Ülkemiz deprem ülkesi ‘İstanbul’da deprem’ diye bir başlık açılıyor örneğin habere insanlar panikle giriyor ve hissedilmeyecek bir büyüklükte bir deprem olduğu anlaşılıyor. Gazetecilerin felaketlerde, büyük olaylarda tutumu nasıl olmalı?

Özellikle 99 depreminden sonra toplumda depreme yönelik bir hassasiyet olduğu için gazetecilerin dikkat etmesi gereken bir konu. O dönem NTV’de çalışıyordum.
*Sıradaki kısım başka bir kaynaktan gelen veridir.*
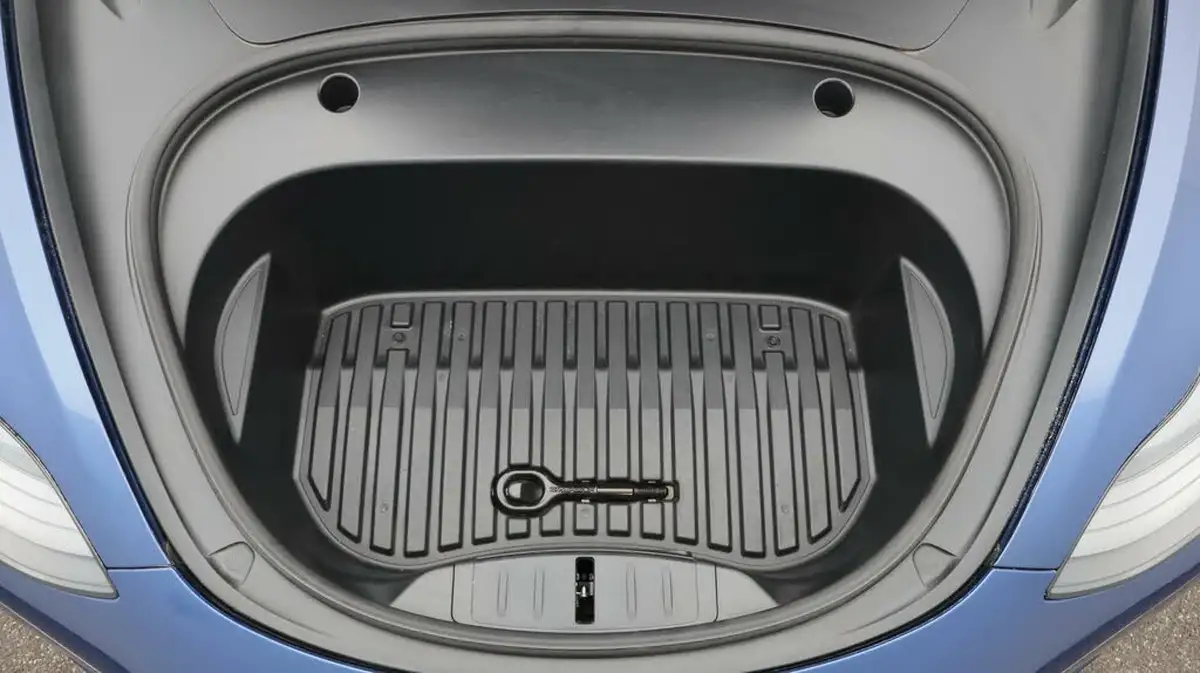 2021-tesla-model-3-e-standard-plus-big-19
Bir deprem oldu ama çok küçük bir deprem. O günkü editör arkadaş, ‘İstanbul’da deprem’ diye girince bir panik oluşmuştu. Gazetecinin görevi panik yaratmak değildir. Tam tersine bu tür durumlarda insanları soğukkanlı olmaya davet etmek gazetecilerin görevi arasında bence. Bu tür durumlarda sorumlu davranmak zorunda. Tersi de var bunun depreme büyük bir hassasiyet var son dakika olarak veriliyor. Ama Artvin’in bir köyünde sel oluyor, son dakika verilmiyor. Bakıyorsun beş kişi ölmüş orada. Bir de böyle bir yanlış uygulama da var. 
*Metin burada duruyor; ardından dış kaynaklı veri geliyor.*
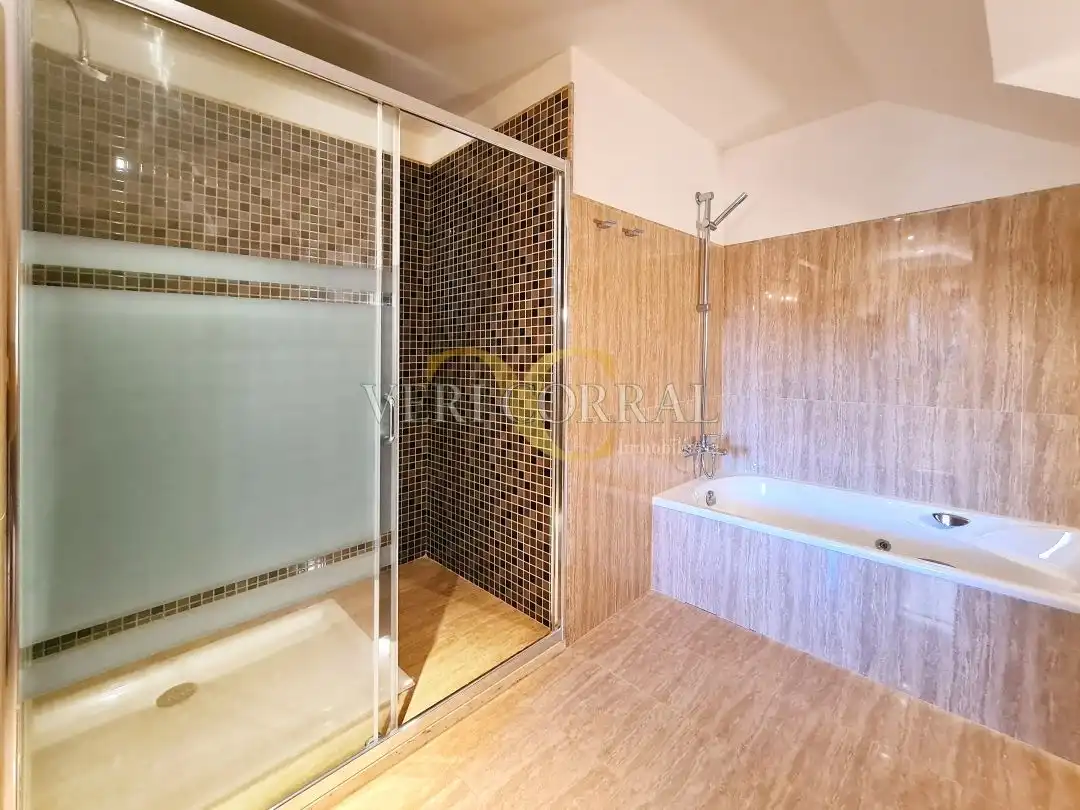 Baño de Casa o chalet en venta en Oviedo  con Calefacción, Jardín privado y Terraza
Son dakika hikâyelerinde telaşla yapılan tashihler de oluyor. Basın tarihine geçen bir sürü tashih yapıldı. Büyük bir olay oluyor. Haber kanalları son dakika bandını geçiyor ve oraya muhabirlerini yolluyor. İnsanların doğal olarak bir ilgisi varsa kesintisiz yayına geçiliyor. Ama o kesintisiz yayın bilgi azsa, büyük sıkıntılara ve saçmalamalara da neden oluyor. Muhabirin anlatacakları bitiyor. Bir süre sonra konuk bulamıyor veya tanık bulamıyor... Olmadık insanlar, kimi bulursak yayını dolduralım diye çeşitli hatalar yapılıyor. Mesela 2. Körfez Savaşı’nda bir televizyon kanalına emekli bir general çıktı. Emekli bir general telefon açtı: ‘O anlamaz ki, levazımatçı generaldir’ dedi. Konuk seçiminde bile o rekabetten dolayı izleyiciye yönelik hatalar yapılabiliyor.

‘İNTERNET SİTELERİNİN BÜYÜK BİR BÖLÜMÜ YETERSİZ ALT YAPI İLE KURULUYOR’
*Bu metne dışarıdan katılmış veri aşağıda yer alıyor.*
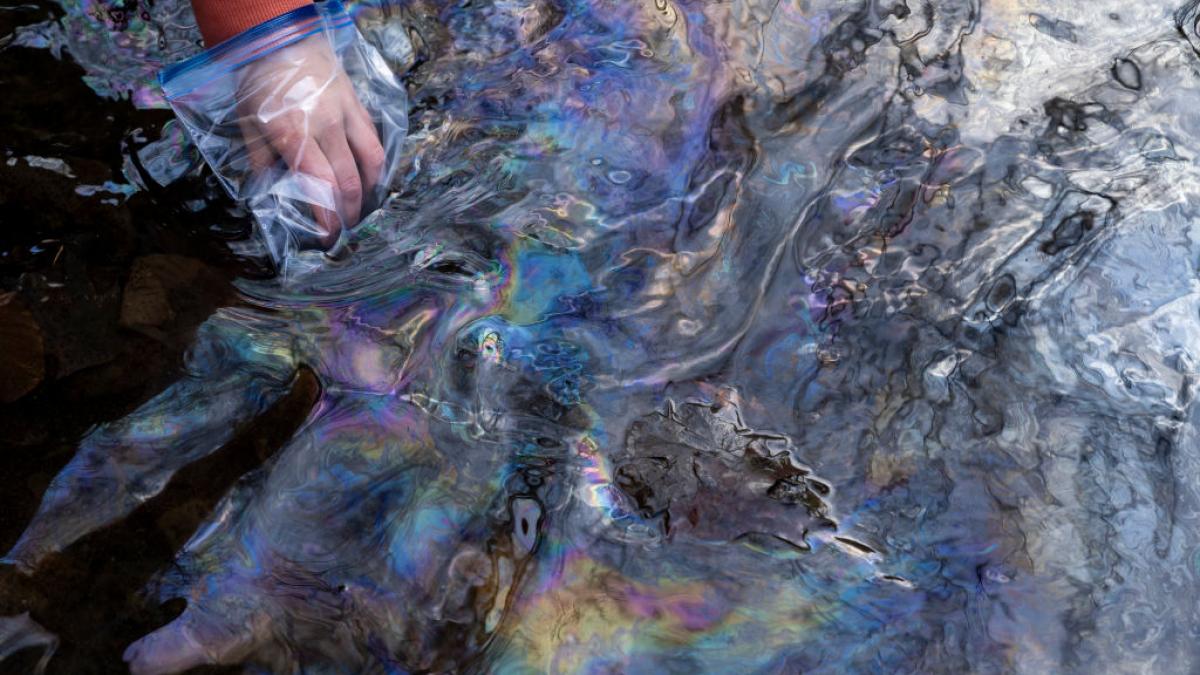 oamenii de stiinta rusi au inventat o pelicula polimerica care absoarbe petrolul de la suprafata apei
Bazen yanlış son dakikalar ya da yanıltıcı son dakika haberleri de veriliyor. Örneğin Hatay’da orman koruma memurlarının ormanı ateşe verdiği iddia edilen görüntü. Doğrusu sonradan anlaşıldı ama hâlâ yangından memurları sorumlu tutan insanlar var.

Genelde bunu internet siteleri yapıyor. Neden yapıyor? Çünkü internet sitelerinin büyük bir bölümü yetersiz alt yapı ile kuruluyor. Yeterli editörleri, muhabirleri yok. Türkiye’de böyle bir yasa ya da etik davranış biçimi de yok ne yazık ki. Herkes bir birinin haberini çalıyor. Nereden aldığını da söylemiyor. Dolayısıyla bir yanlış haber de çok çabuk internet aracılığıyla yayılıyor.